After the closure of the system, trolleybuses 201 and 203–209 were sold to a dealer of used buses and trolleybuses in Romania, who in turn sold them to the city of Brașov in Romania, where they operated in service for several more years, the last ones being withdrawn around 2010. Nos. 101, 112, 124 and 126 were acquired by the Trolleybusverein Schweiz (Swiss Trolleybus Society) (TVS) for preservation, as was the FIAT catenary maintenance truck no. 67, built in 1963.

==Fleet==
The following 36 trolleybuses were procured for the Lugano trolleybus system over the course of its life:

|  | Numbers | Quantity | Manufacturer | Electrical equipment | Built | Configuration | Notes |
|---|---|---|---|---|---|---|---|
|  | 101–103 | 03 | FBW / Ramseier + Jenzer | SAAS | 1954 | Two-axle | Withdrawn 1975. |
|  | 104–113 | 10 | FBW / Bosia | SAAS | 1960 | Two-axle | Nos. 104–111 and 113 withdrawn 1975; no. 112 used for driver training from 1988. |
|  | 114–117 | 04 | FBW / Ramseier & Jenzer / Lepori | SAAS | 1966 | Two-axle | No. 116 ended its service as a spare parts donor. |
|  | 118–121 | 04 | Volvo / Hess | SAAS | 1974 | Two-axle | Two vehicles ended their service as spare parts donors. |
|  | 122–125 | 04 | Volvo / Hess | SAAS | 1975 | Articulated |  |
|  | 126–127 | 02 | FBW / Hess | SAAS | 1966 | Two-axle | Taken over from Altstätten–Berneck trolleybus system in 1978 (nos. 6 and 7 on that system). |
|  | 201–206 | 06 | Vetter [de] | BBC | 1985–87 | Articulated | No. 202 withdrawn in December 1992 after fire. |
|  | 207–209 | 03 | Vetter | ABB | 1987–88 | Two-axle |  |

==Unusual voltage==
An unusual feature of the system was that it was energised at an unusually high 1,000 V DC, the voltage previously used by the tramway network. In both cases, the reason for the higher than usual voltage was that it avoided voltage problems at crossing points with three railways, the Lugano–Tesserete railway, the Lugano–Cadro–Dino railway and the Lugano–Ponte Tresa railway.

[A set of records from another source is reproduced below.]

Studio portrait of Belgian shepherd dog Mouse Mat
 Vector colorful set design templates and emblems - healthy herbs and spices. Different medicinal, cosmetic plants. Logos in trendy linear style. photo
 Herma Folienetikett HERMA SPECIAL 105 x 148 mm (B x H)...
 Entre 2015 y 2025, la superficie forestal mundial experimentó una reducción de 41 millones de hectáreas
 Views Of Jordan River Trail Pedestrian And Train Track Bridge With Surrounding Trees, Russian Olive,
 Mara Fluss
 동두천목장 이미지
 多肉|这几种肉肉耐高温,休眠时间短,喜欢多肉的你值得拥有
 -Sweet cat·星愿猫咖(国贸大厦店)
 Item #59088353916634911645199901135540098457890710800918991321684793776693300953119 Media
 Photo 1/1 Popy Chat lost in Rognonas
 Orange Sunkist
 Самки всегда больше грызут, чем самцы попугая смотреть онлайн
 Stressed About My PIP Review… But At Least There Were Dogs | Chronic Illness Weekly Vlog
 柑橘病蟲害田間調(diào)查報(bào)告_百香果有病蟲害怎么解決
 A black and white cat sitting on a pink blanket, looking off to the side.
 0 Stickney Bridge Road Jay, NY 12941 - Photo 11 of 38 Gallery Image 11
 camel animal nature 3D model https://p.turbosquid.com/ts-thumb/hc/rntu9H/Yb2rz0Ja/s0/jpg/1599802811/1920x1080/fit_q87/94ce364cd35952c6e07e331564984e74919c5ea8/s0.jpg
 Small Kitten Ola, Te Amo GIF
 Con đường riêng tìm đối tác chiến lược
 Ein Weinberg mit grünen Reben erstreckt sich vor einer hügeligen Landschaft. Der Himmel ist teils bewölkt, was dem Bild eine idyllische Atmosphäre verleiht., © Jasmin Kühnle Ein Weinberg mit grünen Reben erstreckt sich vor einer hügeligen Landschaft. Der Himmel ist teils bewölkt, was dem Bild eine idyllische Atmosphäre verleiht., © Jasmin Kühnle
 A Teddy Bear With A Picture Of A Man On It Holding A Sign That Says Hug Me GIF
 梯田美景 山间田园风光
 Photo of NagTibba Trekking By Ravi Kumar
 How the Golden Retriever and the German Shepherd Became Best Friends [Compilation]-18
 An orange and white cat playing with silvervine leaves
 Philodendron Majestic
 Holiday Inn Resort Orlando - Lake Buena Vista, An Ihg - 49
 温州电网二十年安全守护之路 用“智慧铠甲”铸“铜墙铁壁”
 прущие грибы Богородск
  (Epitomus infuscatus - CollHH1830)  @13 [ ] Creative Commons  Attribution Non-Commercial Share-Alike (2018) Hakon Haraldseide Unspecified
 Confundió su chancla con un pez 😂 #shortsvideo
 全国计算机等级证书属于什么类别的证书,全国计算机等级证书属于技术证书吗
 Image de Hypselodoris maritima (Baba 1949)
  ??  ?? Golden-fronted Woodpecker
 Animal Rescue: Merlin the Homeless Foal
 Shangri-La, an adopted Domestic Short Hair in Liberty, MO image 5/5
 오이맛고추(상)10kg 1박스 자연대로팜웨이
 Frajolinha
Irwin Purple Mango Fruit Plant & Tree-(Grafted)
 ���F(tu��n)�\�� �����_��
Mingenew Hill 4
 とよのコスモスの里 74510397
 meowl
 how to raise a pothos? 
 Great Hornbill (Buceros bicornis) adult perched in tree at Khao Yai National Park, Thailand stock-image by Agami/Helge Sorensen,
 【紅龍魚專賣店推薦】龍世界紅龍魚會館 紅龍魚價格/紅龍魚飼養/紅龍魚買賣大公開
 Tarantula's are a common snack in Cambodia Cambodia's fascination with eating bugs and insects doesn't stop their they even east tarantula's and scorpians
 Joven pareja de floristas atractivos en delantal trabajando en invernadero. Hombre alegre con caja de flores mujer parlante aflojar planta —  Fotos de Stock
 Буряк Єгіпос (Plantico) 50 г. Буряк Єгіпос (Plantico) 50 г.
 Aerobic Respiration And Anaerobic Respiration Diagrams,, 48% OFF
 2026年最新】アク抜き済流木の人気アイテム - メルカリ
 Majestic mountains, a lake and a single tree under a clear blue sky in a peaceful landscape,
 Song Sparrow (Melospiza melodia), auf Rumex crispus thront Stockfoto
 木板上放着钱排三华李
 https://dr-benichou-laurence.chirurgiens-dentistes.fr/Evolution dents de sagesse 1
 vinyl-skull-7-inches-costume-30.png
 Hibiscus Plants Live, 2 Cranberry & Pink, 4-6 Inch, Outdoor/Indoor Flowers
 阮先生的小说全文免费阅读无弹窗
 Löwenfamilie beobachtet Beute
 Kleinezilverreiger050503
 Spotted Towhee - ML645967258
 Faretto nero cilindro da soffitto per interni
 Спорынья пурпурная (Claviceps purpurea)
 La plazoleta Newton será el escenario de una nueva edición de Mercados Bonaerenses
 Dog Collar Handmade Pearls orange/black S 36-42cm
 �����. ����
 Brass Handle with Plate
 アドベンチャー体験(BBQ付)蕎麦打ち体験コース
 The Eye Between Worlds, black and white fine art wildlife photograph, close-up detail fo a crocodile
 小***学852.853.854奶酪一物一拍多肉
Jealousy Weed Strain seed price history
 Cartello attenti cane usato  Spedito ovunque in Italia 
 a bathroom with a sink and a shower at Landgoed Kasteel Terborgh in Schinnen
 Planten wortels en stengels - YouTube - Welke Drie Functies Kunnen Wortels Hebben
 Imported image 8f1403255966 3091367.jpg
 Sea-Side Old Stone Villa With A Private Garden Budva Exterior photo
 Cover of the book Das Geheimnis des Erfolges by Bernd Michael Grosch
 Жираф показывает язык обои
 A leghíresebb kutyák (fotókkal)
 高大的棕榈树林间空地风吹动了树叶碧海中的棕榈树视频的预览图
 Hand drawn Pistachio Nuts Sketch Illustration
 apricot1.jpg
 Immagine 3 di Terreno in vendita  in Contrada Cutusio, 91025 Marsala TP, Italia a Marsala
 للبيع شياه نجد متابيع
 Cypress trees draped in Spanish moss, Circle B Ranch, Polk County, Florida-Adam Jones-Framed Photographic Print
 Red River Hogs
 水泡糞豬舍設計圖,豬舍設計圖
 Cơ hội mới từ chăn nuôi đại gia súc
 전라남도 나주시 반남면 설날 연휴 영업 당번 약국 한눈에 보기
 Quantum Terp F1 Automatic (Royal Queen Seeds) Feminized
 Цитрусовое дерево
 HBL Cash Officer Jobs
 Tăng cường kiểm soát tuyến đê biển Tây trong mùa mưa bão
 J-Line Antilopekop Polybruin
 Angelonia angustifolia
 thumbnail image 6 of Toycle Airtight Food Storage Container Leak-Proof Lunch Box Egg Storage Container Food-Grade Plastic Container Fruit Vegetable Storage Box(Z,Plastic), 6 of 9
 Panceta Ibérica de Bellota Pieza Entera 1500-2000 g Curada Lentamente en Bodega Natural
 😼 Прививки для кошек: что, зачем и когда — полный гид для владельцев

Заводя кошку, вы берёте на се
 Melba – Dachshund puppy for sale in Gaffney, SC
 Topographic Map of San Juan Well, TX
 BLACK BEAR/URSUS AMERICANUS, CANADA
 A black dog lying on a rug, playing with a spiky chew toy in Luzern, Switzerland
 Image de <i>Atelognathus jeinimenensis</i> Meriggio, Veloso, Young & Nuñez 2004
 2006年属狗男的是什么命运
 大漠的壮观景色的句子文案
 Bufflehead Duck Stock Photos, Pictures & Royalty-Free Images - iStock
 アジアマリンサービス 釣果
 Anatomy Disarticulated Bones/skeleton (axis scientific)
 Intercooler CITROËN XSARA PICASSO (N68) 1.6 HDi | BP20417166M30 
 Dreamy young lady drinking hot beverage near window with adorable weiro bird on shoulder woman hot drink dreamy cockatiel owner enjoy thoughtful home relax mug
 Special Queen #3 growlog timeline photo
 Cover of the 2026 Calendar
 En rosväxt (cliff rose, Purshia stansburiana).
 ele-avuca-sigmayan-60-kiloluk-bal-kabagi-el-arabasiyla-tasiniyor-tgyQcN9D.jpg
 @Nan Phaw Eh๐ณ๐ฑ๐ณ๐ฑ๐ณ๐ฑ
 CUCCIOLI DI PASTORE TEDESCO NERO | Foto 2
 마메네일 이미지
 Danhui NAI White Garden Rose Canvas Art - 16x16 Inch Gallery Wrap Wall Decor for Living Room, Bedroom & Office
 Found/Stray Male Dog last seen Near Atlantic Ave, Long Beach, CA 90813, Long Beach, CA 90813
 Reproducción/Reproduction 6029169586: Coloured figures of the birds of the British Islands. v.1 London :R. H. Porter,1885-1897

Trolleybuses are normally built to run at voltages of 600 V or 750 V, and Lugano's high voltage was very non-standard. It was one of only three Swiss systems to use 1,000 V or higher – the others being the rural Altstätten–Berneck system, which closed in 1977, and the 1,100 V Thun–Beatenbucht trolleybus system (STI), which closed in 1982 – and Lugano's was the last trolleybus system anywhere to use that voltage.